Namibians can expect the price of food to continue rising, as food inflation – mainly driven by demand and supply forces – is expected to continue its upward trend for the rest of the year due to a shortage of staple foods, such as maize and cereal, as a result of the severe and lingering drought. Overall inflation was reported at 6.2 percent in April, compared to 6.3 percent in March, having shot up from 5.2 percent in December to 7 percent in February. However, despite the slight moderation in inflation, food inflation specifically soared to a four-year high of 11 percent in April, up from 9.8 percent in March. “We anticipate inflation to remain relatively high and average at 6.5 percent by the end of the year,” said Purvance Heuer from Simonis Storm Securities.
He bases his assessment on currency-triggered inflation. “Imported inflation is expected to continue coming through moderately due to the weak Rand that we expect to prevail throughout the year. This would be more pronounced in the food and non-alcohol beverages categories. The rebound in the prices of energy commodities (such as fuel) are also expected to keep inflation high, particularly in housing and transport categories,” Heuer explained.
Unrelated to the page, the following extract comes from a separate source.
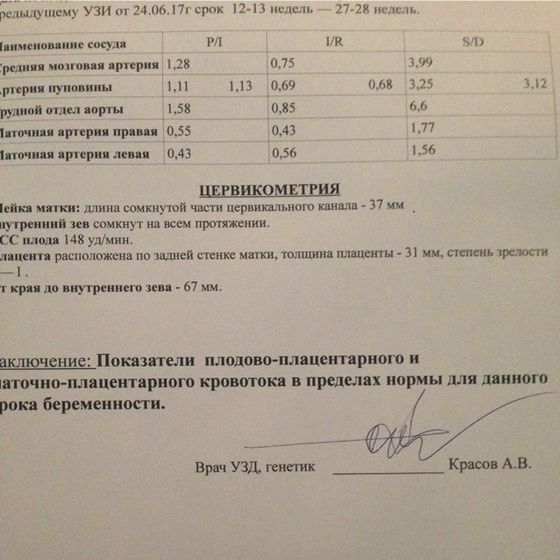 Результаты доплера 28 недель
He added that supply side constraints also continue to play a major role in determining food prices. “The water crisis and the 20 percent restriction imposed by NamWater are expected to reduce the production capacity of beverages in Namibia. We anticipate the shortfall to be imported, thereby increasing the degree of inflation in the country,” Heuer noted. Another factor contributing to the rapid increase in food prices is the weakening of the South African Rand against the United States Dollar. “Since South Africa is Namibia’s main trading partner, it has been importing much inflation from international markets. This has had a carry-over effect on the general level of prices in Namibia,” Heuer further explained.
Capricorn Asset Management’s investment strategist, Suta Kavari, concurred with Heuer, saying the jump in food prices was largely in response to shortages in food as a result of the persistent drought and a weak Rand, which has made imports more expensive.
One of the local products that has experienced an exceptionally high rate of inflation is chicken, which has seen prices rise astronomically compared to last year. Consumers are bemoaning the fact that they have to spend between N$60 and N$75 for a N$1.5 kg bag of chicken. At around the same time last year the same product was available for between N$40 and N$50.
“We cannot afford to eat chicken anymore. It has just become too expensive,” complained a concerned customer at a local supermarket yesterday, as a 2 kg bag of chicken can now cost between N$65 and N$100, depending on which retail outlet is used. Last year the same size chicken bag could be bought for between N$60 and N$80.